The capital flight from Saudi Arabia signals the dimming of the optimism surrounding Crown Prince Mohammed bin Salman’s Vision 2030 economic plan. Photo: AFP
As Saudi Arabia raises the stakes in its dispute with Canada, the economic fallout could worsen an already serious issue for the kingdom: capital flight. Trade between the two countries is small, valued at roughly $4 billion, but the diplomatic dust-up has heightened the sense of risk in the Saudi investment climate, and is certain to scare even more capital away.
According to research by JPMorgan, capital outflows of residents in Saudi Arabia are projected at $65 billion in 2018, or 8.4% of gross domestic product (GDP). This is less than the $80 billion lost in 2017, but a sign of a continued bleed. Significantly, the projection was made before the contretemps with Canada. According to research by Standard Chartered, the first quarter of 2018 saw $14.4 billion in outward portfolio investment into foreign equities, the largest surge since 2008. There are concerns that the government is leaning on banks and asset managers to discourage outflows, a kind of informal capital-control regime.
This flight signals the dimming of the optimism surrounding Crown Prince Mohammed bin Salman’s Vision 2030 economic plan. Many of the institutional reforms outlined in the plan—designed to diversify the Saudi economy, attract foreign investment and create jobs—are needed to liberalize the state-led, resource-dependent economy. Investors had hoped Riyadh would follow through on economic reforms, but have been disheartened by such high-profile actions as the arrest of prominent businessmen last year, and a recent campaign to silence critics, especially women activists. These measures—add to them now the spat with Canada—indicate that the state favours regime stability and consolidation over the rule of law, and the creation of institutions and regulations that can check the state.
Whatever the political compulsions behind these actions, they have done little to address the fundamental problem of the Saudi economy—that it is captive to, and reliant on, the state. For private sector growth to take place, capital needs to feel safe, and investors need legal guarantees to protect them. But this has not happened. Instead, the business cycle continues to be fuelled by government project-spending tied to oil revenues: government deposits appear in local banks, then loans go out to favoured private-sector contractors. Business activity ebbs and flows with the boom-and-bust cycle of oil revenues.

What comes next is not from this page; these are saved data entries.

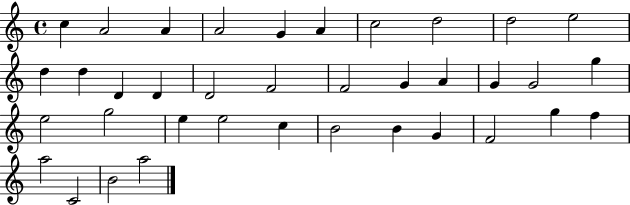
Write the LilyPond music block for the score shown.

{
  \clef treble
  \time 4/4
  \defaultTimeSignature
  \key c \major
  c''4 a'2 a'4 | a'2 g'4 a'4 | c''2 d''2 | d''2 e''2 | \break d''4 d''4 d'4 d'4 | d'2 f'2 | f'2 g'4 a'4 | g'4 g'2 g''4 | \break e''2 g''2 | e''4 e''2 c''4 | b'2 b'4 g'4 | f'2 g''4 f''4 | \break a''2 c'2 | b'2 a''2 | \bar "|."
}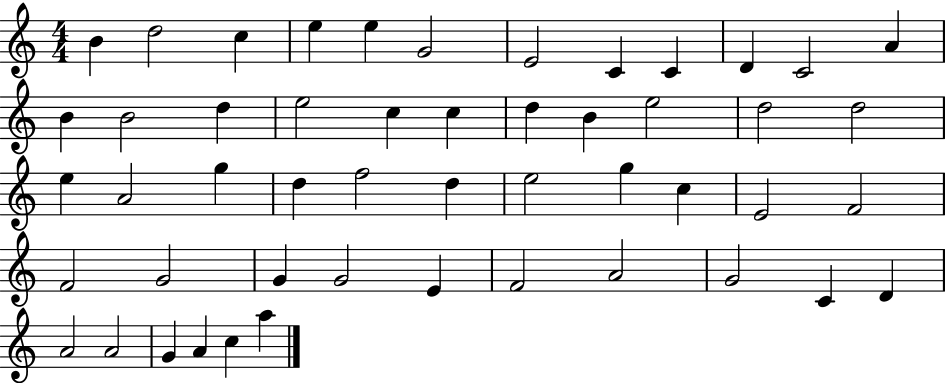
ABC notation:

X:1
T:Untitled
M:4/4
L:1/4
K:C
B d2 c e e G2 E2 C C D C2 A B B2 d e2 c c d B e2 d2 d2 e A2 g d f2 d e2 g c E2 F2 F2 G2 G G2 E F2 A2 G2 C D A2 A2 G A c a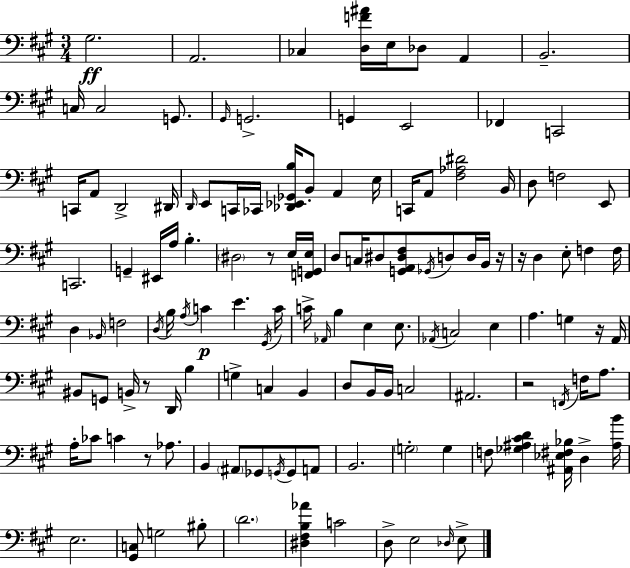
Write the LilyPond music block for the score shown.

{
  \clef bass
  \numericTimeSignature
  \time 3/4
  \key a \major
  \repeat volta 2 { gis2.\ff | a,2. | ces4 <d f' ais'>16 e16 des8 a,4 | b,2.-- | \break c16 c2 g,8. | \grace { gis,16 } g,2.-> | g,4 e,2 | fes,4 c,2 | \break c,16 a,8 d,2-> | dis,16 \grace { d,16 } e,8 c,16 ces,16 <des, ees, ges, b>16 b,8-. a,4 | e16 c,16 a,8 <fis aes dis'>2 | b,16 d8 f2 | \break e,8 c,2. | g,4-- eis,16 a16 b4.-. | \parenthesize dis2 r8 | e16 <f, g, e>16 d8 c16 dis8 <g, a, dis fis>8 \acciaccatura { ges,16 } d8 | \break d16 b,16 r16 r16 d4 e8-. f4 | f16 d4 \grace { bes,16 } f2 | \acciaccatura { d16 } b16 \acciaccatura { a16 }\p c'4 e'4. | \acciaccatura { gis,16 } c'16 c'16-> \grace { aes,16 } b4 | \break e4 e8. \acciaccatura { aes,16 } c2 | e4 a4. | g4 r16 a,16 bis,8 g,8 | b,16-> r8 d,16 b4 g4-> | \break c4 b,4 d8 b,16 | b,16 c2 ais,2. | r2 | \acciaccatura { f,16 } f16 a8. a16-. ces'8 | \break c'4 r8 aes8. b,4 | \parenthesize ais,8 ges,8 \acciaccatura { g,16 } g,8 a,8 b,2. | \parenthesize g2-. | g4 f8 | \break <ges ais cis' d'>4 <ais, ees fis bes>16 d4-> <ais b'>16 e2. | <gis, c>8 | g2 bis8-. \parenthesize d'2. | <dis fis b aes'>4 | \break c'2 d8-> | e2 \grace { des16 } e8-> | } \bar "|."
}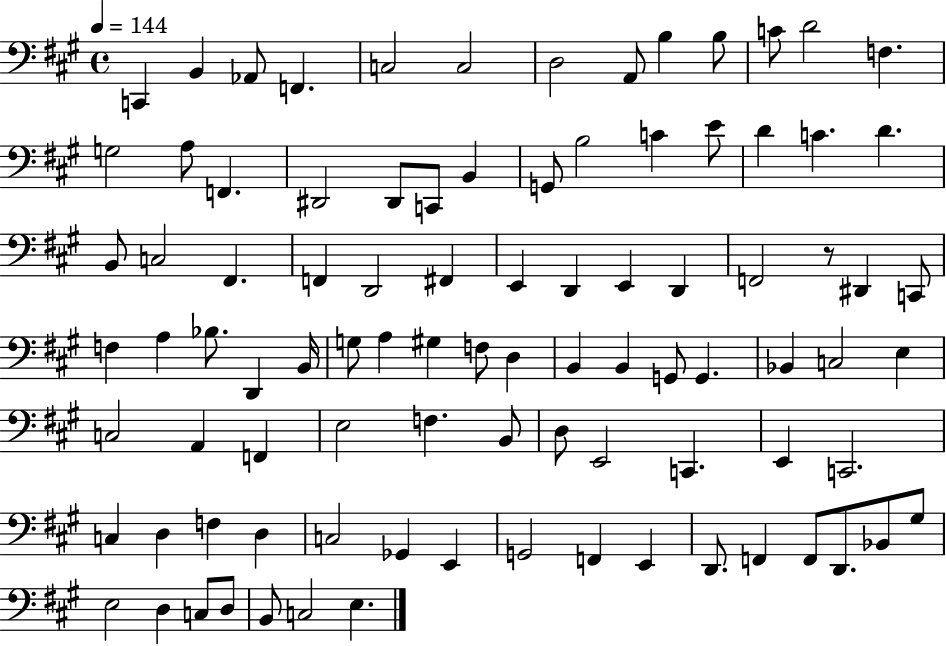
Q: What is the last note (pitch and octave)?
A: E3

It is striking that the capital flight is taking place despite a recent recovery in global oil prices. The Saudi current account will be supported by $224 billion in hydrocarbon exports in 2018, a massive jump from $170 billion last year. But this is apparently insufficient to reassure investors, who have noted the absence of a corresponding jump in foreign reserve assets. Nor has it escaped their attention that the new revenue stream is not cushioning the expansionary fiscal policy, which continues to run a deficit. All this adds up to a dismal, and familiar picture: government spending is accelerating, growth is slow, private investors are scared, and productivity is abysmal—especially as the labour market continues to shrink from departing foreign workers, and businesses struggle to accommodate mandated hiring of Saudi citizens at higher wages. The government’s response so far has been to keep borrowing, and to pay for the stimulus with debt financing. It is doing some interesting accounting between state-owned entities, like Aramco and SABIC, to raise cash for the sovereign fund enabling continued spending.

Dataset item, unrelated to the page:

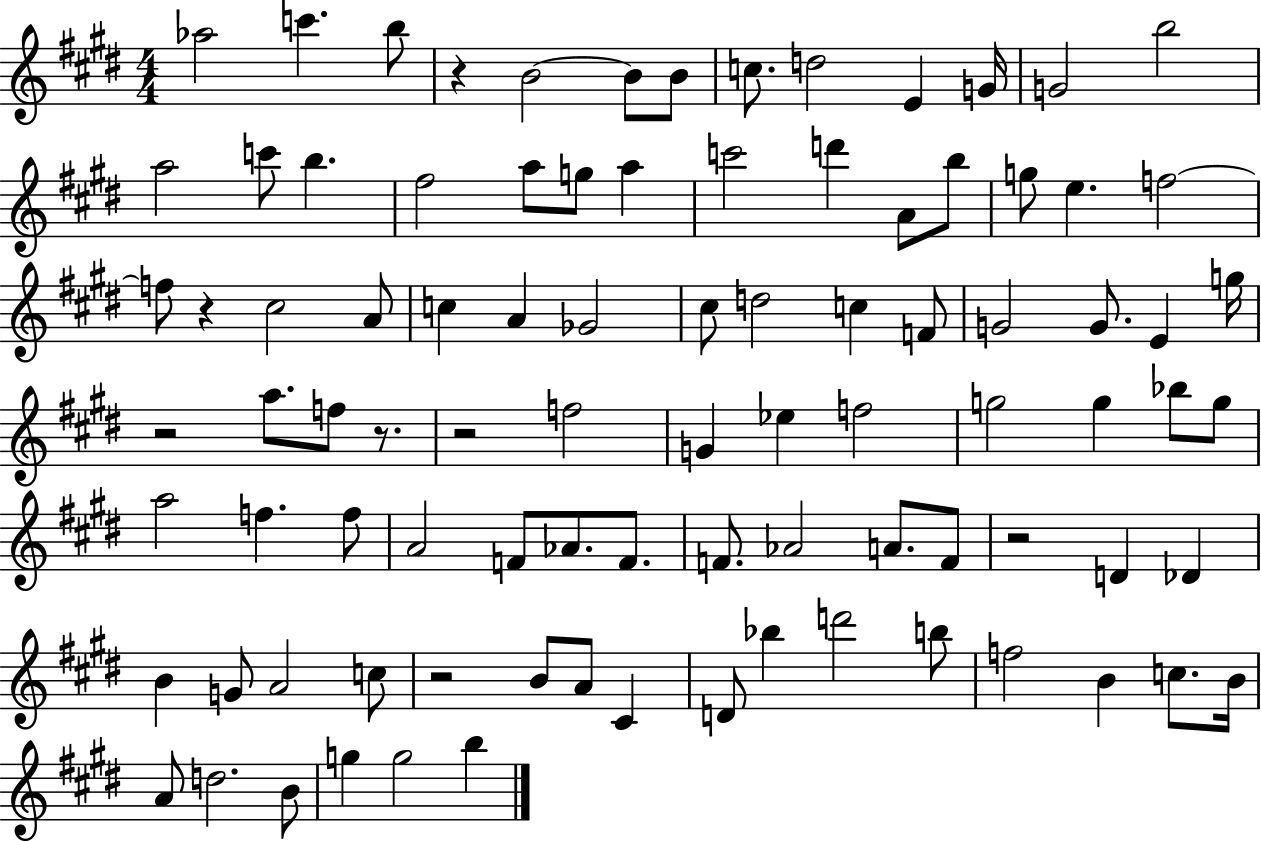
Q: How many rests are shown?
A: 7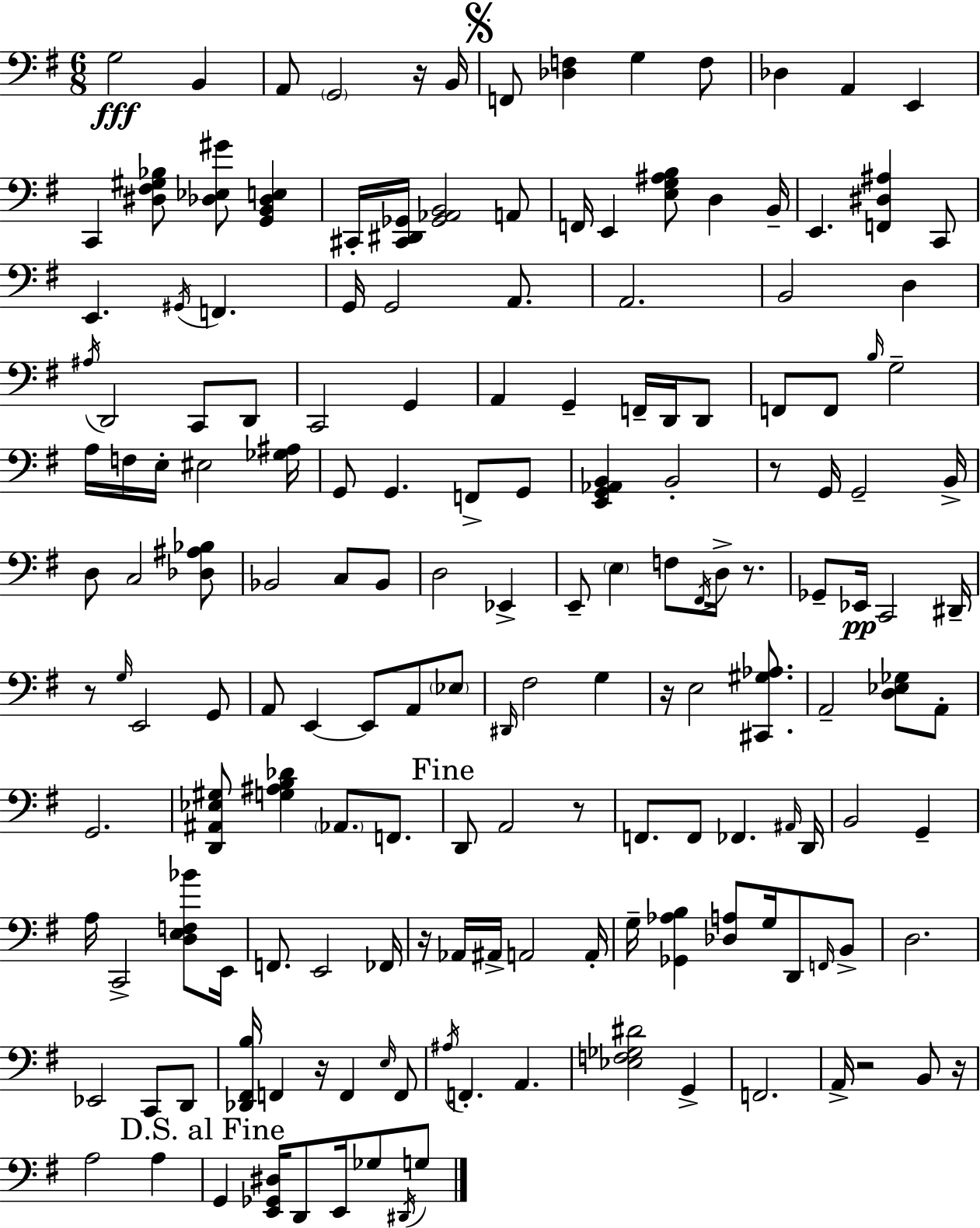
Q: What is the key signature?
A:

While efforts at privatization and encouraging private-sector investment have lagged, government spending continues to focus on large, state-funded development and infrastructure projects, where the money sinks in the sand. That seems to be the destiny of the latest white elephant: Neom, a $500 billion project to develop 10,000 square miles in the northwestern corner of Saudi Arabia, on the shores of the Red Sea. It is far from major population centres, where people are looking for work, and there is a mismatch between planned high-tech industrial projects and the Saudi labour force’s available skill set. The only jobs Neom is currently creating are in low-wage construction for foreigners, of whom there are now fewer, as many are leaving due to increasing visa fees and cost of living.
This is quintessential old-school Saudi economic management, and a long way from the spirit of the Crown Prince’s reform plan. Add to this Riyadh’s evident distraction with non-economic matters—ranging from the war in Yemen and the blockade of Qatar, to the arrest of activists and the campaign against Canada—and it’s hard to fault investors for concluding that the government is struggling to meet its Vision 2030 goals.
How to reverse the flow? There are good regulatory reforms in process, including a new bankruptcy law and a privatization draft law. There are new openings for foreigners to buy shares on the local stock exchange and to become 100% owners of businesses in key sectors like engineering. In the opening of the entertainment market, there is clearly room to grow and investment opportunity should abound.
But the state needs to get out of the way. It cannot spend its way to prosperity, especially using the old techniques. The government needs to demonstrate that it is prioritizing economic reforms, rather than being distracted by domestic politics and foreign-policy missteps. Bloomberg View
Karen E. Young is a senior resident scholar at the Arab Gulf States Institute in Washington.